REINHOLD MESSNER’S SEVENTH LIFE

Telling about the boots and the climbing shoes to talk about mountaineering.

When you listen to certain people talking, it is a bit like finding yourself in areas which are so beautiful that they happen only every so often, and it makes you want to take a photo. Everything surrounding you seems lit up by a special light which up to a moment before you hadn’t noticed and everything, the landscape and the people next to you, things, suddenly seem to have taken on a perspective and a meaning which they never had before. I had never noticed this order and logic of things before, I had never noticed those symmetries. Pulling out your smartphone from your pocket aiming the lens towards the horizon, you try and get an image right and while you look for it, while you stare at the screen which you hold it in front rotating on itself you realise that there is nothing you can take a picture of. Inside the smart phone’s screen, there is nothing. Nothing that you can take away with you separating it from the rest. You take the photo regardless but when you look at it, and then you look at reality, you understand that the only way of enjoying everything surrounding you is to comprehend it as a whole.

Listening to Reinhold Messner talking about alpinism and the history of alpinism more or less has that effect. He came to La Sportiva at Ziano di Fiemme for the interview and after exchanging some small talk, we started recording. The first questions for the interviewers didn’t really flow that easily. I mean, talking to the most famous alpinist in the world, the first man to have climbed all fourteen 8.000 metre peaks of the planet and a lot more (Messner explains that he is living his seventh life) is a bit intimidating. Gradually though the right atmosphere is created, the right feeling. Messner started talking freely and from one point onwards no longer with answers. His was a conversation, in which everything seems perfectly logical and comprehensible and it was nice to listen to that flow of thoughts and ideas in silence. Each concept appeared linear and easily accessible, clear. It was difficult to establish where the beginning and end of the answers to the questions lay.

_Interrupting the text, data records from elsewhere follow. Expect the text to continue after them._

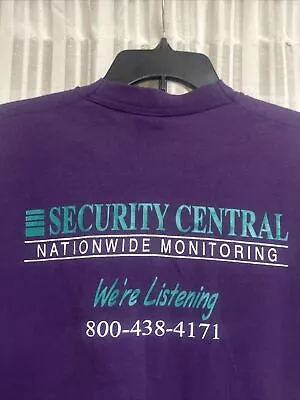 Vintage 90s BEST Fruit Of The Loom Security Central Single Stitch T Shirt  M T4 • $24.99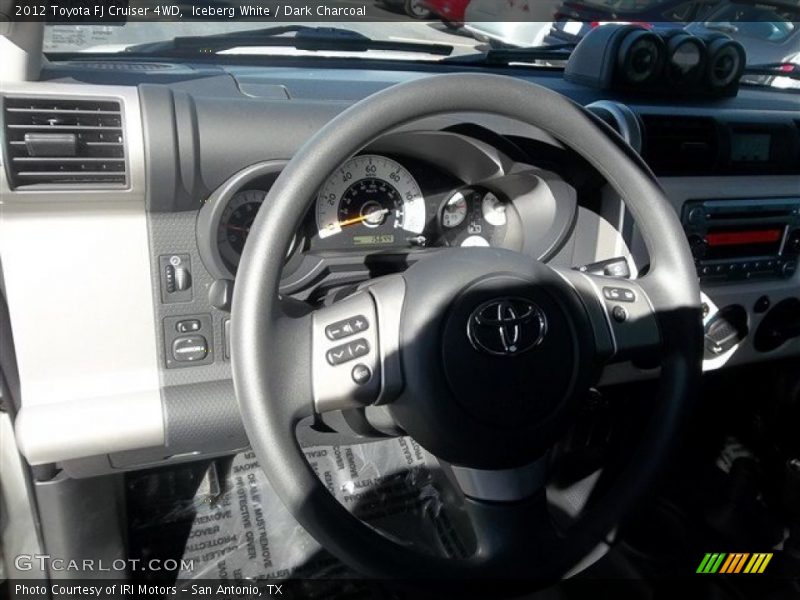 Iceberg White / Dark Charcoal 2012 Toyota FJ Cruiser 4WD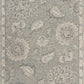 HomeRoots 7' x 9' Light Gray Floral Area Rug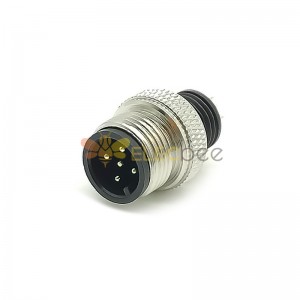 M12 Molded Cable Connector A Code Straight 5pin Male Non-shield connector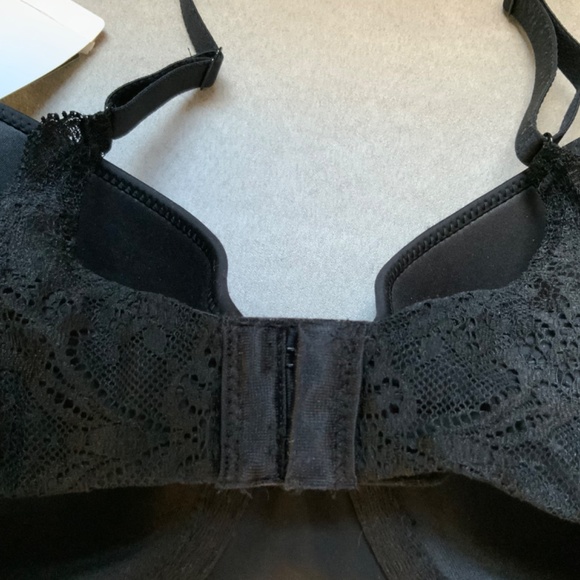 WACOAL Women's Lace Impression 32DD Black Underwire Contour Bra 853357 $68 - Picture 11 of 12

MESSNER IN ZIANO. Two instances of Reinhold Messner’s visit to the

La Sportiva plant to see the reconstruction of historic boots, produced for his films

Messner is a visionary, irrepressible. It is difficult to separate each topic, one from the other, because his knowledge on the mountains and alpinism, probably more in general of man and his efforts to live, is so stratified and detailed with time that it is astonishing to grab the meaning and the suggestions he offers. The interview’s theme was the future and Messner talking about the future spoke above all about vision. «It is vision that drives progress, in any field». After a while he probably started to feel more at ease and he went straight to the heart of the interview focussing on three main topics, of which he spoke with ardour. Before starting off he settled himself more comfortably leaning on the armrests and looked around the room where we were recording, he must have felt the need for a preface to what he was about to say: «The success of La Sportiva, is the following: it is the achievement. Starting off from ideas, projects, work, all these things were born. It is the creation, the success of man: to imagine and to then achieve».

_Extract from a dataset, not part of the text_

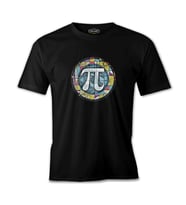 Matematik - Pi 5 Siyah Erkek Tshirt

At the end of Reinhold Messner’s interview it was as if he still wanted to talk. We asked him to explain in detail about his project with La Sportiva and his film, his eyes lit up with enthusiasm.

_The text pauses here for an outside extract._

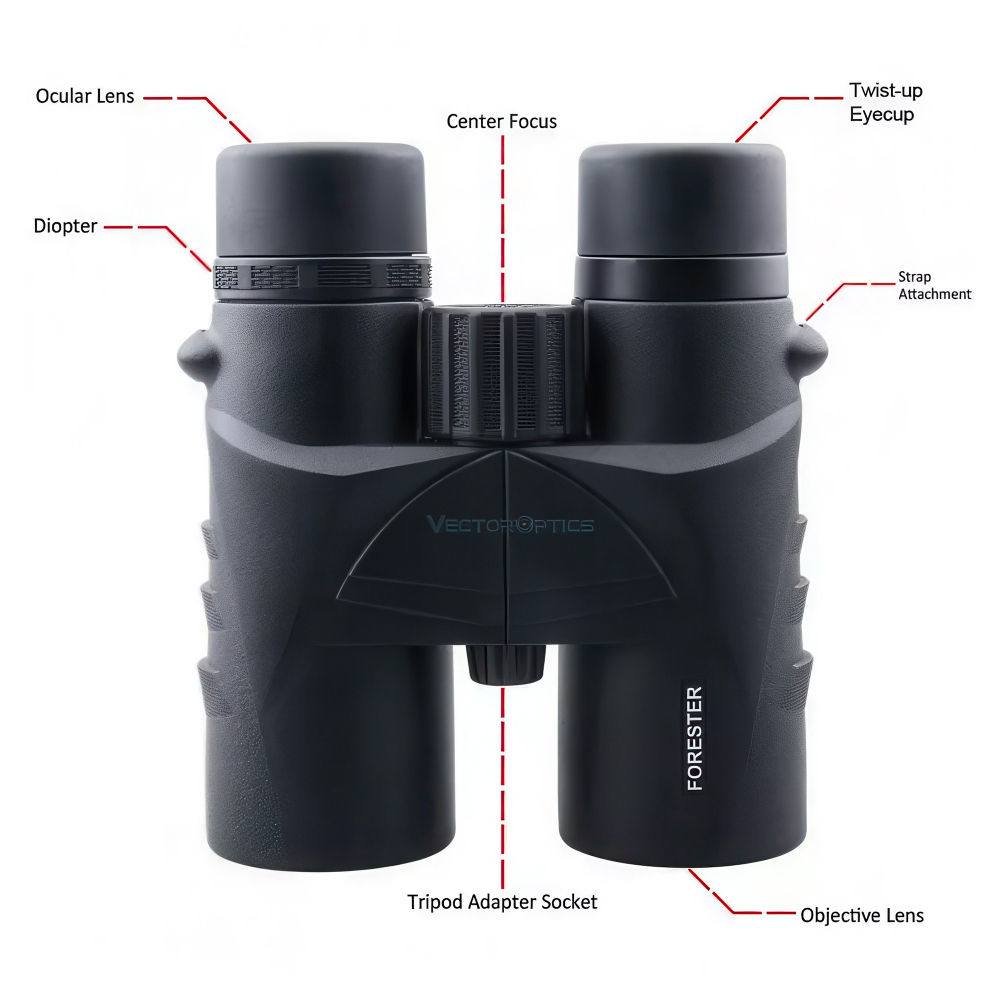 Бинокль Vector Optics Forester 8x42 — высококачественное изображение благодаря многослойному просветлению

«To fully understand the story of alpinism, we need to take a look at shoes. The type of shoes that alpinists use tell us if they will be able to overcome a certain difficulty, or not. Here - he holds a boot which La Sportiva made reproducing the boots used at the end of the 30s which will be used during the making of his next film - here we have a boot manufactured as it was made 90 years ago. Boots like these were used to approach the mountain, to climb up screes to the base of the rock face, to climb up to a certain difficulty on rock and then to walk on hard snow or on ice. Then, from a certain difficulty onwards, from a certain era onwards boots will start to be coupled with crampons. In 1937 at Nanga Parbat boots like this pair were used, they were also used in the Alps but with an inner boot to fight the cold».

Messner continues to talk enthusiastically, there is no longer a need to ask questions. «It is very interesting to compare yesterday’s boots with today’s to understand the development and the history of alpinism. Today’s shoe weighs half the weight of yesterday’s and it is possible to resist at 8000 metres - at 40°C and survive without frost bite. The boots we use today are a result of 90 years of artisan history, of technology and of experience gained by alpinists. The ‘state of the art’ of alpinism of each era is narrated by the type of shoes being used. That’s why I want to make a film about this».

Messner tells us about the project he is working on: «This summer I am making a film on Grohman and on the Cima Grande di Lavaredo which was climbed for the first time in 1869. Grohman climbed up the south face of this mountain approaching the mountain with a pair of sturdy boots and then using lighter shoes to climb up the route, they were called cat feet. The Guides climbed using woollen socks. The mountaineering history of Cima Grande di Lavaredo gives us the opportunity to narrate and understand the various phases of the history of alpinism. To imagine the future you need to know the history and understand the past».